Hollming was born in Loppi, in Grand Duchy of Finland, the son of a bookkeeper, Anders Gustaf Hollming of Lovisa, and of Katarina Petterson of Nykarleby. Hollming was apprenticed to the goldsmith Carl Friedrich Ekholm in Helsinki at the beginning of the 1870s. In 1876, he settled in St. Petersburg and registered as a goldworker.

In 1880, he qualified as a master and opened his workshop at 35 Kazanskaya Street; he was soon thereafter hired by Fabergé. He had three sons with Erika Gustava Abrahamsson (1856—1909).
In 1900, the Hollming workshop moved to 24 Bolshaya Morskaya, under the same roof as Fabergé. He mainly produced cigarette cases in silver, gold, and enamel; miniature Easter Eggs; and small gem-set, enameled jewels such as cufflinks, brooches, and pins. Many times he produced these objects for the House of Fabergé. The design of the jewelry was surprisingly modern and ahead of its time.

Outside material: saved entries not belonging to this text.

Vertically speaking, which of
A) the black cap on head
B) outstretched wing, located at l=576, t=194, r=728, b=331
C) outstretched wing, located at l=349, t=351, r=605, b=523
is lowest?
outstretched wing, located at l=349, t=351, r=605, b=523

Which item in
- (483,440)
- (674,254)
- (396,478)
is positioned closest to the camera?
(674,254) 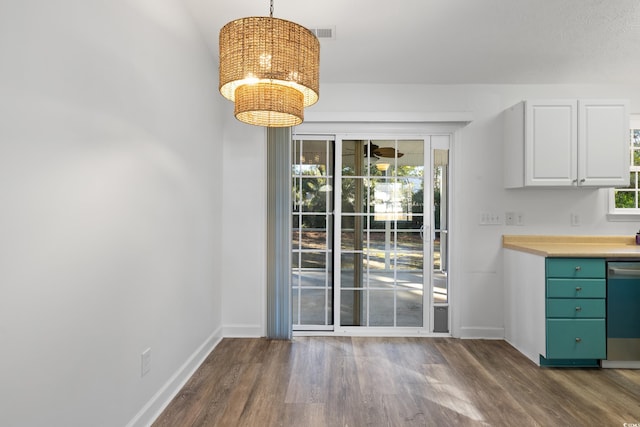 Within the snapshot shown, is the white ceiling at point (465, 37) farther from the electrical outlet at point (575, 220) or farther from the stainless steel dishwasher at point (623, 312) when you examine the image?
the stainless steel dishwasher at point (623, 312)

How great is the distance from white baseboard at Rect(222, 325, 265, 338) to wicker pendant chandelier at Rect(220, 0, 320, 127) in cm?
241

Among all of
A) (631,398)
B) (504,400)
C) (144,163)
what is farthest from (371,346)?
(144,163)

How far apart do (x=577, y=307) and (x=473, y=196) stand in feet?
4.13

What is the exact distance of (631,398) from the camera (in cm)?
230

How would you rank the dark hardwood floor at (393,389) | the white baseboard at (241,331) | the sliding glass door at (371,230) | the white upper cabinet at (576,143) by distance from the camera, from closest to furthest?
the dark hardwood floor at (393,389) → the white upper cabinet at (576,143) → the white baseboard at (241,331) → the sliding glass door at (371,230)

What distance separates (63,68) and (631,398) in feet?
11.8

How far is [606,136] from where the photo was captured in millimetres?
3070

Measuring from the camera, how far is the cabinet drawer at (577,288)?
2.72m

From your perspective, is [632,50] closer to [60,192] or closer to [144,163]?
[144,163]

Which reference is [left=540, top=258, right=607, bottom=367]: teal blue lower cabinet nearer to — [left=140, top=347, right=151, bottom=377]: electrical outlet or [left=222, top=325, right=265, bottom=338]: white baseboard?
[left=222, top=325, right=265, bottom=338]: white baseboard

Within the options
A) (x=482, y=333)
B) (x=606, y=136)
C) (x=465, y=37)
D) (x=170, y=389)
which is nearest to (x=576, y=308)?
(x=482, y=333)

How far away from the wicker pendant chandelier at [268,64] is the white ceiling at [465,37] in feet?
3.15

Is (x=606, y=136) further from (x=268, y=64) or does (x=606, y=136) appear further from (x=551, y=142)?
(x=268, y=64)

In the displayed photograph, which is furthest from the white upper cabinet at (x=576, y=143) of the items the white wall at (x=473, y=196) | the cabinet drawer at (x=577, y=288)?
the cabinet drawer at (x=577, y=288) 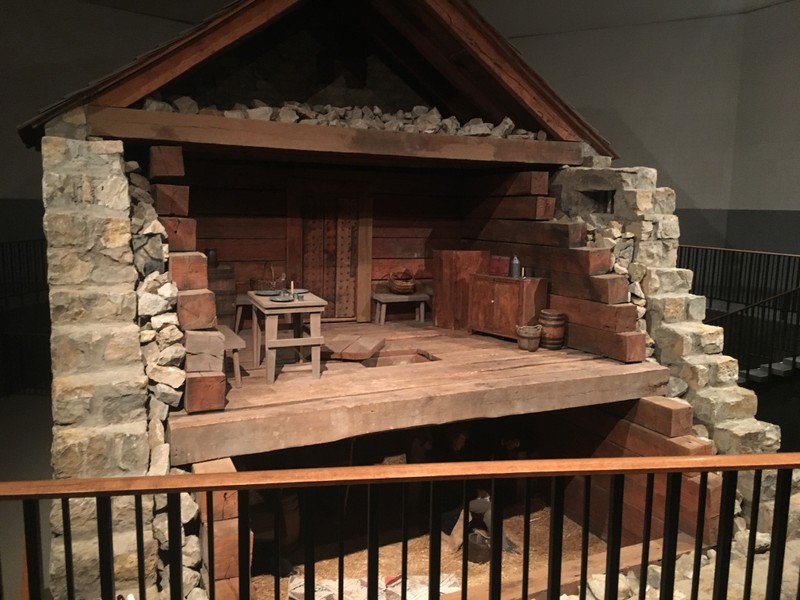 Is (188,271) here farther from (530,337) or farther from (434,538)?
(530,337)

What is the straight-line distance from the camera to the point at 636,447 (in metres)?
6.18

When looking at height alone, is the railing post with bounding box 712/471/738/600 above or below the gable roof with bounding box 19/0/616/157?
below

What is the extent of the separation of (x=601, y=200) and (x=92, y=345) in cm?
504

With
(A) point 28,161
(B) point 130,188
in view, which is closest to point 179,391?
(B) point 130,188

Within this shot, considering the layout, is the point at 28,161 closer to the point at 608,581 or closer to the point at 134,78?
the point at 134,78

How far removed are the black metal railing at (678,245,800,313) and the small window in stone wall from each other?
3.56 metres

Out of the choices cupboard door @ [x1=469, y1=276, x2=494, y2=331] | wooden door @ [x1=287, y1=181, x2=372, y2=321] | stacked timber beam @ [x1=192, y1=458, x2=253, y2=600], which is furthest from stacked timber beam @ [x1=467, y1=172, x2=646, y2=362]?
Result: stacked timber beam @ [x1=192, y1=458, x2=253, y2=600]

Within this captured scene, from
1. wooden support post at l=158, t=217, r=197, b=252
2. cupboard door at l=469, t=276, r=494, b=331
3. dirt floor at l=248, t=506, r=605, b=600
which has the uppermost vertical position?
wooden support post at l=158, t=217, r=197, b=252

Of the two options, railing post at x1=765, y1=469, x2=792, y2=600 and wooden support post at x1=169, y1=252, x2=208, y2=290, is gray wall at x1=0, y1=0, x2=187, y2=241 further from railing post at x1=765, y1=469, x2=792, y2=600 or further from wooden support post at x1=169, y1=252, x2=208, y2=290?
railing post at x1=765, y1=469, x2=792, y2=600

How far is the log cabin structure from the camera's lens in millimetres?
4496

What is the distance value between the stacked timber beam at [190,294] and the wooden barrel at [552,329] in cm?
318

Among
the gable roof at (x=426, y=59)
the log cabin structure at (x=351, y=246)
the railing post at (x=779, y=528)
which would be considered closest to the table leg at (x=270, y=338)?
the log cabin structure at (x=351, y=246)

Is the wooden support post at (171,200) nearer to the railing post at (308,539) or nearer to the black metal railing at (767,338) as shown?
the railing post at (308,539)

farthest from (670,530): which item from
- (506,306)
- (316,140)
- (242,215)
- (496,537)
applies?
(242,215)
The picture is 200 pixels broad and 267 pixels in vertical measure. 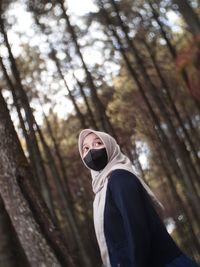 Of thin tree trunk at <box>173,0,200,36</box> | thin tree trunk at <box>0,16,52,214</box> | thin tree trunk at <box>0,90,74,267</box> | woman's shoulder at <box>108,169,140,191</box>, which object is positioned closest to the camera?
woman's shoulder at <box>108,169,140,191</box>

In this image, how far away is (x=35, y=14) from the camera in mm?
16609

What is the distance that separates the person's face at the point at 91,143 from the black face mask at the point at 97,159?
0.14ft

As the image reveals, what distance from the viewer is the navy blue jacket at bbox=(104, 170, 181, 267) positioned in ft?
7.42

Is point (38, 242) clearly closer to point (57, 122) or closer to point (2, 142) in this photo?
point (2, 142)

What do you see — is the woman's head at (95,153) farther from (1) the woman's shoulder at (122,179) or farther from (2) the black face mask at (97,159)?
(1) the woman's shoulder at (122,179)

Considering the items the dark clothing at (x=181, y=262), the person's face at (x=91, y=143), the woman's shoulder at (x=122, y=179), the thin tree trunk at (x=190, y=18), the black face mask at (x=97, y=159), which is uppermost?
the thin tree trunk at (x=190, y=18)

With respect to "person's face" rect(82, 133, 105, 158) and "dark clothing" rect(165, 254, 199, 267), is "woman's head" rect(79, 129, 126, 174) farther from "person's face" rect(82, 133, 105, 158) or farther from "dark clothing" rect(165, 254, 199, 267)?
"dark clothing" rect(165, 254, 199, 267)

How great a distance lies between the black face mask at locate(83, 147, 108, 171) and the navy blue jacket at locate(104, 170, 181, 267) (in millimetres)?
203

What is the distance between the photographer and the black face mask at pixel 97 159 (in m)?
2.67

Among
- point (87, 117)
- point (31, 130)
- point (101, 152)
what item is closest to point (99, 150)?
point (101, 152)

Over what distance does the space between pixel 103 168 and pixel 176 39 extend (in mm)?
19909

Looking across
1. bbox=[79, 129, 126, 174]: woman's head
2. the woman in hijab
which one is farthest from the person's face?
the woman in hijab

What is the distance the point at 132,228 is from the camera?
2.25 metres

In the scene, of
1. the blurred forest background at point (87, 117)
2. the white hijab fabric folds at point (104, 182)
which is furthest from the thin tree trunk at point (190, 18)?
the white hijab fabric folds at point (104, 182) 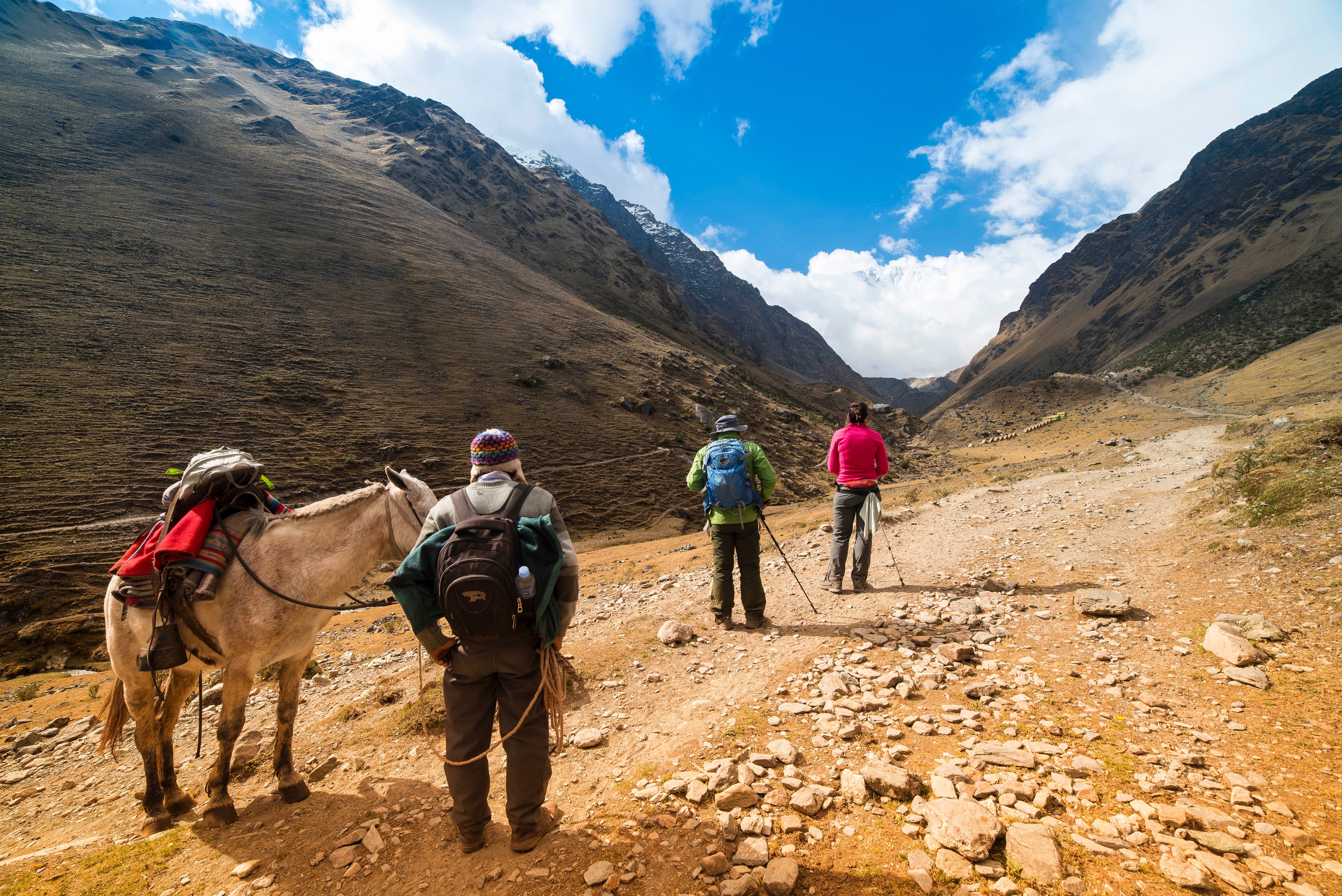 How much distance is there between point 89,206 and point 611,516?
50.2 meters

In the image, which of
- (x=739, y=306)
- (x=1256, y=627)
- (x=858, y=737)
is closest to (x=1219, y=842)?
(x=858, y=737)

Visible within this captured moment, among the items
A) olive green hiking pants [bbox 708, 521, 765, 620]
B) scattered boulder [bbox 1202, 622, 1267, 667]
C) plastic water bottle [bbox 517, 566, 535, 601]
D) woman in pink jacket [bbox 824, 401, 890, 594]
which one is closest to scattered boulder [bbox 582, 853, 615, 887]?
plastic water bottle [bbox 517, 566, 535, 601]

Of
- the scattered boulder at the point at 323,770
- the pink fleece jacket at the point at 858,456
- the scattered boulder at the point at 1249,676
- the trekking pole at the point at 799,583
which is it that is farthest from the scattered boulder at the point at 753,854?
the pink fleece jacket at the point at 858,456

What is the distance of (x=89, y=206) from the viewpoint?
3991 centimetres

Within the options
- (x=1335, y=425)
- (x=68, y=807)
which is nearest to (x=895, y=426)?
(x=1335, y=425)

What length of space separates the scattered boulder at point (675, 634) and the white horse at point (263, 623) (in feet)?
9.86

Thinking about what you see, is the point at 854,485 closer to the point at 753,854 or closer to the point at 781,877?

The eldest son August Väinö Hollming (1885—1934) inherited the workshop after his father's death in 1913. He ran the workshop with Otto Hanhinen, his father's assistant until 1915.

==In popular culture==
In 2016 his work figured prominently on the British TV series, Antiques Roadshow, when four buttons he made, that were at the bottom of a box someone bought for £2.26, were valued at £1,000 to £1,500.